Environmental News from South America:
- On June 22, a group of nearly 200 Indigenous Pataxó people occupied a eucalyptus plantation inside their demarcated territory in Brazil’s Bahia state, setting fire to the trees.
- In a video manifesto released on June 26, Pataxó leaders drew attention to the wide range of impacts that this and other plantations have had on their lands and health, from pesticide use to water pollution.
- The occupation comes amid growing resistance to the expansion of eucalyptus in Bahia, and rising frustration among Indigenous peoples over the slow process of gaining full legal rights to their land.
- The Pataxó people have been waiting for seven years for the presidential decree that would fully demarcate their territory; President Jair Bolsonaro has vowed not to demarcate any Indigenous territories, and has so far kept that promise.

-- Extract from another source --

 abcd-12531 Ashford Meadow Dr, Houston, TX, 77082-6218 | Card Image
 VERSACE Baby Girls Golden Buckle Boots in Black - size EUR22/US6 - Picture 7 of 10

Frustrated with watching agribusiness and eucalyptus plantations destroy their territory, members of several Indigenous Pataxó communities in the Brazilian state of Bahia took over a plantation, set fire to it, and demanded that the multinational companies leave their land for good, in an attempt to halt outside pressure over their land.
In a video manifesto released on June 26, a Pataxó leader stands flanked by two other men in front of a mass of burning eucalyptus trees. “We are expelling the multinationals, the millionaires and billionaires from here,” he says to the camera. “There won’t be a single eucalyptus tree left on our sacred land, because that’s bad. We want our water, quality land, and our biome recovered. We do not accept this shameful destruction.”